Long before the early settlers came to America, there used to dwell the Native Americans or American Indians. The settlers who came to America were the Protestants of Plymouth who left the Church of England. The first Thanksgiving Day was celebrated in the autumn of the year 1621. The feast was organized by the English pilgrims to thank God as they were able to survive the hostile climate of America. The feast took place in Plymouth, Massachusetts, after the first successful harvest by the English pilgrims. This was later converted into a tradition and has been in continuation since then. The first harvest was also celebrated by the early settlers to show their gratitude towards the Native Americans, as they were the one who taught the pilgrims the way how to cultivate the crops.
During the first season the pilgrims were helped by the Wampanoag tribe which donated food and supplied to them for winters.

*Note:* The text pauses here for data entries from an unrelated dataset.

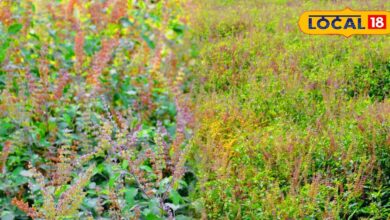 farmers of Bharatpur Cultivate medicinal plant Tulsi earn money throughout the year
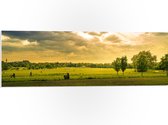 PVC Schuimplaat- Groene Platteland - 90x30 cm Foto op PVC Schuimplaat
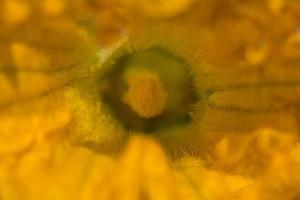 calabacín amarillo flor pistilo zucchini macro foto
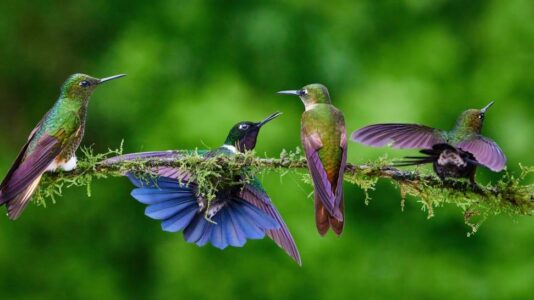 12 Heartbreaking Facts About Hummingbirds Most People Will Never Notice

Squanto was the name of the Native American who resided with the Wampanoag tribe. He taught the pilgrims how to cultivate corn and other vegetables, along with fishing. He also became a translator for the pilgrims as he learnt English language during the days he was enslaved in Europe, while he traveled to England. The first feast which was given by the pilgrims to the American Indians has become the basis for the ritualistic Thanksgiving Day. The first feast also signifies the peace between the pilgrims and the Native Americans, though the same lasted for only one generation. In the earlier days, this day was not celebrated as Thanksgiving Day, but as a harvest festival which was present alike in the Christian and Wampanoag culture. Later, Thanksgiving Day came to be observed on the fourth Thursday of every November every year.
It's said that the first Thanksgiving feast was organized outside the house. This was so because there were 53 pilgrims who attended the feast with the Native Americans who were around ninety in number. Lack of space to accommodate people caused a shift in the venue. The fist meal consisted of ducks, turkeys, geese, swan and venison, fish, berries, watercress, lobster, dried fruit, clams, and plums. The feast continued for three consecutive days. After the meal they sang, danced and made merry. Prayers were sung before the meal and God was thanked for the harvest. However, the traditional feast was not continued for a few years, until in the year 1623, when it was observed again due to planty of harvest. In the eighteenth century in the year 1789 the last Thursday was proclaimed as the National Thanksgiving Day by the president Lincoln. A holiday was announced on the day later. Since then, the Thanksgiving Day has become an American holiday.